Bien sûr, afin d’éviter ces fraudes, des précautions sont prises, avec notamment le code 3D Secure pour les paiements sur Internet ou la possibilité de faire opposition à sa carte par la banque si celle-ci est piratée. Un problème de taille demeure cependant: le tout ou rien inhérent à la carte bancaire. La victime d’un paiement frauduleux (encore faut-il jeter un oeil à son compte courant régulièrement), pourra contacter sa banque pour signaler l’affaire. Mais c’est là que les choses se corsent car la carte étant bloquée, plus aucun paiement n’est donc possible. La banque doit donc lui transmettre une nouvelle carte, ce qui prend quelques jours, rendant ainsi caduques tous ses abonnements car il lui faudra transmettre son nouveau numéro de carte à chaque marchand. Un vrai chemin de croix…

La carte bancaire : une obsolescence inévitable

Une avancée technologique chassant la précédente, la carte avait relégué le chèque aux oubliettes. Il semble que ce soit cette-fois-ci à son tour de ne plus être adaptée aux besoins de ses utilisateurs.

Tout d’abord, l’intérêt d’un objet physique servant aux paiements semble disparaître. Pour preuve, l'avènement des Apple Pay et autres modes de paiements sans contact semblent mener vers l’élimination d’un quelconque intermédiaire entre le compte en banque et le marchand. De plus, une récente étude Elabe pour SlimPay réalisée en avril 2016 révèle l’émergence de la consommation par abonnement (ou à l’usage) en France, mais aussi dans le reste de l’Europe, notamment en Espagne et au Royaume-Uni. Ce mode de consommation nécessite un moyen de paiement adapté, sécurisé, n’impliquant pas que l’utilisateur effectue une manipulation à chaque échéance ou à chaque date d’expiration. Il permet ainsi  une relation client de plus en plus personnalisée et fluide, mais néanmoins très sécurisée.

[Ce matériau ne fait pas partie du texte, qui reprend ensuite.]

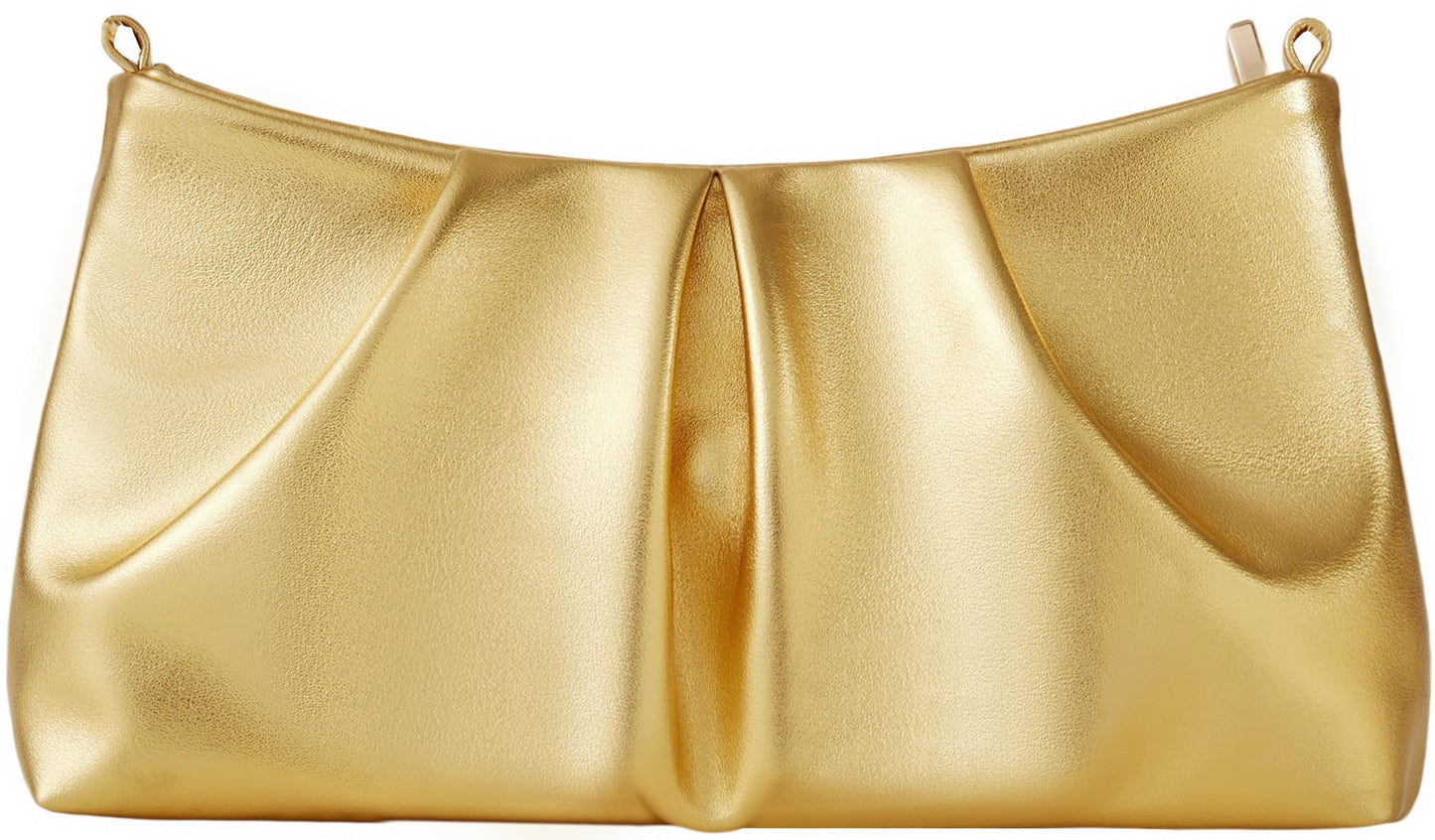 Vegan Leather Evening Bag Ruched Clutch Purse for Women Detachable Metal Chain Crossbody Bag（Gold）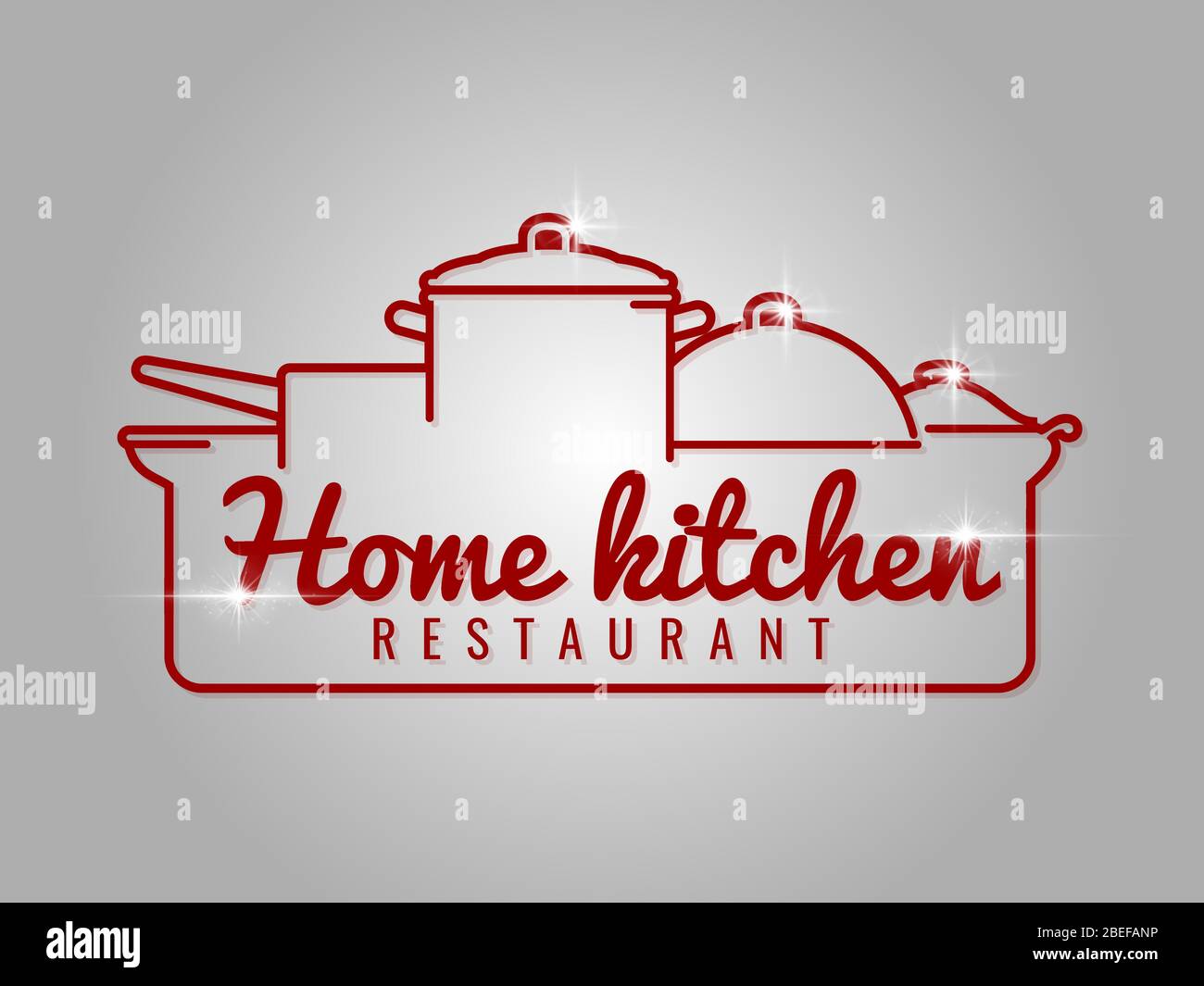 Home kitchen restaurant line logo with lighting elements. Vector illustration Stock Vector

Alors que la réglementation a accompagné ces nouvelles pratiques (DSP1 en 2007, zone SEPA en 2012 et DPS2 aujourd’hui), elle a également permis l’émergence de nouveaux acteurs dans l’industrie du paiement, notamment de ceux qui proposent des alternatives à la carte bancaire telles que le prélèvement, beaucoup plus plus adapté à des paiements récurrents dans le cadre d’abonnements. Citons aussi l’idée du moyen de paiement instantané qui, demain, permettra au consommateur, dans un cadre tout aussi sécurisé qu’une banque en ligne, de payer sans quitter la page du e-commerçant, tandis que ce dernier bénéficiera d'un paiement sûr et non contestable.

Il faut rendre à César ce qui est à César. La carte bancaire est encore aujourd’hui un moyen de paiement bien pratique et très utilisé. Cependant, les technologies, et c’est leur vocation originelle, n’ont de cesse de se réinventer et d'élargir le champs des possibles. Ce n’est pas la fin de la carte bancaire. Mais, assurément, son heure de gloire est révolue.